(Scraped caption text data)
────────────────

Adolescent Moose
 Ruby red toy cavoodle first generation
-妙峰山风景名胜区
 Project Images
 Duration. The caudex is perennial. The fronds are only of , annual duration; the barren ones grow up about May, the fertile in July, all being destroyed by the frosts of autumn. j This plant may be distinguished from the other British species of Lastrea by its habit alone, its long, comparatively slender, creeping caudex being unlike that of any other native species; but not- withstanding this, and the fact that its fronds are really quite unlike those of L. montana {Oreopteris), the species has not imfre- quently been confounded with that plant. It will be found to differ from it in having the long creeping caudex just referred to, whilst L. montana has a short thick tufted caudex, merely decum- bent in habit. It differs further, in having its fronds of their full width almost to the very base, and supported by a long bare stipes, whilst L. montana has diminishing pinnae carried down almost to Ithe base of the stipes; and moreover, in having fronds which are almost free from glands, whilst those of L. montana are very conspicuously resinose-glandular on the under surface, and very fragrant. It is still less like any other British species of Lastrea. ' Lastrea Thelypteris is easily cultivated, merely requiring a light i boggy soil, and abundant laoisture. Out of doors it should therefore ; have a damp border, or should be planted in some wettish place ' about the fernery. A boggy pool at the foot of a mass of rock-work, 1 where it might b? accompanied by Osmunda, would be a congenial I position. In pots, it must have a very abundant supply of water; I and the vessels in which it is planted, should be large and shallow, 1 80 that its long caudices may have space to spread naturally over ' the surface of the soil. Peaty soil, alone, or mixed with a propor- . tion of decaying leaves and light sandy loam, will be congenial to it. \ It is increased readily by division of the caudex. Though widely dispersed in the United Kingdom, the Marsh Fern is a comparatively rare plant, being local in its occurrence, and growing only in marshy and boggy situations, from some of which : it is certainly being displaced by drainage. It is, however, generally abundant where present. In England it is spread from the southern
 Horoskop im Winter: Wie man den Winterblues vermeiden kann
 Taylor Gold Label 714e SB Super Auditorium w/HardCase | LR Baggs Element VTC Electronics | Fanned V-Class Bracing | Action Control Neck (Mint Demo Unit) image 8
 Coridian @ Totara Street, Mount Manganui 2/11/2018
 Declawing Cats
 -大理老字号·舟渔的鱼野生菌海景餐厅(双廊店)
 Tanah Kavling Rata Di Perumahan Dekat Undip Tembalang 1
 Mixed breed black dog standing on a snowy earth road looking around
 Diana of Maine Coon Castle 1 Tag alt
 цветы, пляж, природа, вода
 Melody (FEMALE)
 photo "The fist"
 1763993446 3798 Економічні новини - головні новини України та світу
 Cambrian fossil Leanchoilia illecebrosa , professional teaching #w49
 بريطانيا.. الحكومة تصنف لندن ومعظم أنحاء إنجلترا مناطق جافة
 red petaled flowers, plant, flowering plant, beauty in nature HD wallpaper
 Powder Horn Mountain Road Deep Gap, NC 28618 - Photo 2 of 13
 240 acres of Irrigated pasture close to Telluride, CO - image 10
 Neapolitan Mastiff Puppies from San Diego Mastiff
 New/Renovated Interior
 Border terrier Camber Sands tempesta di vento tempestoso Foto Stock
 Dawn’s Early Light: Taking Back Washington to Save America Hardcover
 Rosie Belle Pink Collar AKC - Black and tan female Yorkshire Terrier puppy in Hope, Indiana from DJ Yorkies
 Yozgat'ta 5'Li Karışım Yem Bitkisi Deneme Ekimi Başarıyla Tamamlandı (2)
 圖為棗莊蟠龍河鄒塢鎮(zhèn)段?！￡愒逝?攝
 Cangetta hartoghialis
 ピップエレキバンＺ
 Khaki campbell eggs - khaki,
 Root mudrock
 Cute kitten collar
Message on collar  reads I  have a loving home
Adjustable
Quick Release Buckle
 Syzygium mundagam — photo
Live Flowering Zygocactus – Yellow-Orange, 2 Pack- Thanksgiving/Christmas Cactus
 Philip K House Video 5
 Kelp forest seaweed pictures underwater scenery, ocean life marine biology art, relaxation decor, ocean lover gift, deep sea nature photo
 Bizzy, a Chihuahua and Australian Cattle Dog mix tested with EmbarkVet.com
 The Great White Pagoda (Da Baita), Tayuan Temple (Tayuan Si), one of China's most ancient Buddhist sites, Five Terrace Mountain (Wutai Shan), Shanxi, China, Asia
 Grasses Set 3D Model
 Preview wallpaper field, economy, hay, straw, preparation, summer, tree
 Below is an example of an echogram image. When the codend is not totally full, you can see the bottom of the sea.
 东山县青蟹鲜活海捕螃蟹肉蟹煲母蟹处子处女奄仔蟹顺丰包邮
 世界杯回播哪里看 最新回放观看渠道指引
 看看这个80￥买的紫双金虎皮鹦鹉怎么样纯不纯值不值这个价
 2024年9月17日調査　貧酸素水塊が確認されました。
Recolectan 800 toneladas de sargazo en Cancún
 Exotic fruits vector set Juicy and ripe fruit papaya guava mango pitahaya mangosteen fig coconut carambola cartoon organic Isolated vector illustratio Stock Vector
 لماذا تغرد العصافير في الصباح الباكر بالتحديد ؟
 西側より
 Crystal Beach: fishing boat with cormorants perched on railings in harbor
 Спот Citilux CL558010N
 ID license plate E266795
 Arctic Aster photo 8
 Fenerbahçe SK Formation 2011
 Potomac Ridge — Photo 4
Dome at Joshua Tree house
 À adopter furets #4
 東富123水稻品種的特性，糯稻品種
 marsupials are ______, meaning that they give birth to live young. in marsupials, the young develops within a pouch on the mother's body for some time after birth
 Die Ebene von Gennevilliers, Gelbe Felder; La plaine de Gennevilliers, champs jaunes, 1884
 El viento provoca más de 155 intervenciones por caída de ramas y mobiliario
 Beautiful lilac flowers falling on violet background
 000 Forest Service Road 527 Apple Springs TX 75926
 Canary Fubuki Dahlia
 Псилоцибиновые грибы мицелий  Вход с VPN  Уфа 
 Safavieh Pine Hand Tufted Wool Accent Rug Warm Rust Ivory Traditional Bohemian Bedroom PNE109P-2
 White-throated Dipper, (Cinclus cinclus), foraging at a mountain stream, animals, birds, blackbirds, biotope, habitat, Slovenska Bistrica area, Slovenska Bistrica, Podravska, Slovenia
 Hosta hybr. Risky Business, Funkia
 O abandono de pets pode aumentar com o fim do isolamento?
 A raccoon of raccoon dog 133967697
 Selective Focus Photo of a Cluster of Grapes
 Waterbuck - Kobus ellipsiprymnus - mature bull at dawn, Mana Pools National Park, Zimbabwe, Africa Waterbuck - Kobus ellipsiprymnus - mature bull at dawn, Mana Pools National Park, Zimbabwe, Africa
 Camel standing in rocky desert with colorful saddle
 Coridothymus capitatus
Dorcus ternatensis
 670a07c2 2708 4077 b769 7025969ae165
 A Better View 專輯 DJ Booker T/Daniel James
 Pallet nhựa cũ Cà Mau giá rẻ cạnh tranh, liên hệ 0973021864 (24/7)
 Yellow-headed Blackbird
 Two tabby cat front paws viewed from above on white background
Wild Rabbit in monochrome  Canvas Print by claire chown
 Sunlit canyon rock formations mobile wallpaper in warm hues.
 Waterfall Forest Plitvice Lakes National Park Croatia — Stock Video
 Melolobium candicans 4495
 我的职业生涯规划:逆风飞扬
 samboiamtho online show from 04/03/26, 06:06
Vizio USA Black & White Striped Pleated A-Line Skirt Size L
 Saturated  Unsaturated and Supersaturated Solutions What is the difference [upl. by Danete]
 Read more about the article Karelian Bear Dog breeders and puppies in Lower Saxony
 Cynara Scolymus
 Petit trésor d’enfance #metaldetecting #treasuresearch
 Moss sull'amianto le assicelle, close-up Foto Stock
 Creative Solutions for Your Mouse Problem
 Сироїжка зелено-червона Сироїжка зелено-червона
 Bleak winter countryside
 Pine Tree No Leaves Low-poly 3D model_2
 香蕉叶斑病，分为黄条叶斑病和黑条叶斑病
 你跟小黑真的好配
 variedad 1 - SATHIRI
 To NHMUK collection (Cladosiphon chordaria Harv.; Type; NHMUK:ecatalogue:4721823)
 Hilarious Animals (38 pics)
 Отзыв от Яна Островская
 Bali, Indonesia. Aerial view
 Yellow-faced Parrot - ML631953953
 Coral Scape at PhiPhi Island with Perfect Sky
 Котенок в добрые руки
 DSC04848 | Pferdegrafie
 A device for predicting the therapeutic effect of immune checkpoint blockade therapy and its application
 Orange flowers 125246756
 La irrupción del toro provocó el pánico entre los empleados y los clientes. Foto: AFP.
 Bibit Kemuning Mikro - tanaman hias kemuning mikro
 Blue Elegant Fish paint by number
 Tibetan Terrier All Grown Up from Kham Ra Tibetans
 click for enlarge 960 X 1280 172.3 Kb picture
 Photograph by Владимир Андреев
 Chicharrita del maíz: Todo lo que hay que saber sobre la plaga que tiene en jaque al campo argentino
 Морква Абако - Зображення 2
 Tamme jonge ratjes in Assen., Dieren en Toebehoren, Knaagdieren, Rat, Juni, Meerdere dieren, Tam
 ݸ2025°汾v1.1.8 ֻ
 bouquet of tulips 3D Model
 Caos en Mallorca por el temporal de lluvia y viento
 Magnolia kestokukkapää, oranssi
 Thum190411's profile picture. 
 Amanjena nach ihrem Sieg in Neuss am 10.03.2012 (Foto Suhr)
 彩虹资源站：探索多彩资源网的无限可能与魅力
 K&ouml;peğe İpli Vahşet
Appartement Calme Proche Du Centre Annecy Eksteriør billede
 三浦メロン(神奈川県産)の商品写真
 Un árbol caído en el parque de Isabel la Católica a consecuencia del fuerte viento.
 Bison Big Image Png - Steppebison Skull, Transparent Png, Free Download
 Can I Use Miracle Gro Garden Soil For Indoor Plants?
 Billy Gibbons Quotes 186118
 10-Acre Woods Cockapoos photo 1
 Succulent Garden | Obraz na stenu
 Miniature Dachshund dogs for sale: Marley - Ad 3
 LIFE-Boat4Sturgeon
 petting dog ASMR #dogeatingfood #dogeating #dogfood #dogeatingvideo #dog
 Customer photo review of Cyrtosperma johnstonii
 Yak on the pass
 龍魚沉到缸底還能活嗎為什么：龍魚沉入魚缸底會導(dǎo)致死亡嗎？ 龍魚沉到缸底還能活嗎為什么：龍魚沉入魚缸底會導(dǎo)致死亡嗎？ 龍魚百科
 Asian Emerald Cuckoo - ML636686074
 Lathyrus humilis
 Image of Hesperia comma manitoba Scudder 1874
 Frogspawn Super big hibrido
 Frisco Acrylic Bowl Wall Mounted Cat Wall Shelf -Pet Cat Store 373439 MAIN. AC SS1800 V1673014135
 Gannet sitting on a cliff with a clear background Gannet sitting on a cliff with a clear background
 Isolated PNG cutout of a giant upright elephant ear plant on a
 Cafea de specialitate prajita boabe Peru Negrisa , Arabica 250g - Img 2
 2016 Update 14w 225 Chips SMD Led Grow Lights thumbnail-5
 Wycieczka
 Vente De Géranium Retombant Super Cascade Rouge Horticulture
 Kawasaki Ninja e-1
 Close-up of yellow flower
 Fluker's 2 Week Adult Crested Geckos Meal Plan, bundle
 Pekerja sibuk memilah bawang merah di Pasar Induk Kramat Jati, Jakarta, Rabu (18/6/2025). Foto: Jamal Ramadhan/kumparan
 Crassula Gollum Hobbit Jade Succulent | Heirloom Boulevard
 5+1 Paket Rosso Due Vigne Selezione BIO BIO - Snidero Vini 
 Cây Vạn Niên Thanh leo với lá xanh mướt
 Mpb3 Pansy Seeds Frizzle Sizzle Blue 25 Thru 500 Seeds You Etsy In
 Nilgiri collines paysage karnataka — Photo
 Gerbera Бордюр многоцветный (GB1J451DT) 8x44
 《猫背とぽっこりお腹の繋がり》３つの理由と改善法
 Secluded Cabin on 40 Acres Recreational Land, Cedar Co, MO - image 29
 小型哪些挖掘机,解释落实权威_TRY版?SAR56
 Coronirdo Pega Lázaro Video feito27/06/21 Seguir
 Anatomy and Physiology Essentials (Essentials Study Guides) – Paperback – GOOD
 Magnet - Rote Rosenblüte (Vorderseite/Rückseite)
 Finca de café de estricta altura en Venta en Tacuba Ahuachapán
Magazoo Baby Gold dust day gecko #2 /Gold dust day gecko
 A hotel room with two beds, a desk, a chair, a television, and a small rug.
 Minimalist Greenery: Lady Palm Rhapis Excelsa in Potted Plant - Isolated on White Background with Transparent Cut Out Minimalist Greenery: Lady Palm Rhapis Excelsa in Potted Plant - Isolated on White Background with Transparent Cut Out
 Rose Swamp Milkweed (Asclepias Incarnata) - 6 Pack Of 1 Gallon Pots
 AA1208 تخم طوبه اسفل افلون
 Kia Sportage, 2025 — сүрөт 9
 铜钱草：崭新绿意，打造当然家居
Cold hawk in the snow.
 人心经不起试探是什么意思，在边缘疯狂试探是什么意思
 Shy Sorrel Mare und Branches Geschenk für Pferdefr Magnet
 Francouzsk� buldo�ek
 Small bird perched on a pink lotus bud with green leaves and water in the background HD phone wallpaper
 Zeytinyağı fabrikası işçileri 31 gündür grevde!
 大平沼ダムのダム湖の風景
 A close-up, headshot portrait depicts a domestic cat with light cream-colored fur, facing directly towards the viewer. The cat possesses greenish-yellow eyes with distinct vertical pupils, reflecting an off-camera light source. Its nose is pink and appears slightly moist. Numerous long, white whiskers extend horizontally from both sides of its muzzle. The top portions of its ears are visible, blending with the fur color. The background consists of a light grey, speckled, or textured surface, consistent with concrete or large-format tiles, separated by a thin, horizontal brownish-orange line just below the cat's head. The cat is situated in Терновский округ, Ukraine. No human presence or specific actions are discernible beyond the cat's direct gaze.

────────────────

The problem:
Copy range, inclusive: the line holding "Cut Out Minimalist" to the line holding "大平沼ダムのダム湖の風景". Reproduce exactly those lines of the records above and no others.

Solution:
 Minimalist Greenery: Lady Palm Rhapis Excelsa in Potted Plant - Isolated on White Background with Transparent Cut Out Minimalist Greenery: Lady Palm Rhapis Excelsa in Potted Plant - Isolated on White Background with Transparent Cut Out
 Rose Swamp Milkweed (Asclepias Incarnata) - 6 Pack Of 1 Gallon Pots
 AA1208 تخم طوبه اسفل افلون
 Kia Sportage, 2025 — сүрөт 9
 铜钱草：崭新绿意，打造当然家居
Cold hawk in the snow.
 人心经不起试探是什么意思，在边缘疯狂试探是什么意思
 Shy Sorrel Mare und Branches Geschenk für Pferdefr Magnet
 Francouzsk� buldo�ek
 Small bird perched on a pink lotus bud with green leaves and water in the background HD phone wallpaper
 Zeytinyağı fabrikası işçileri 31 gündür grevde!
 大平沼ダムのダム湖の風景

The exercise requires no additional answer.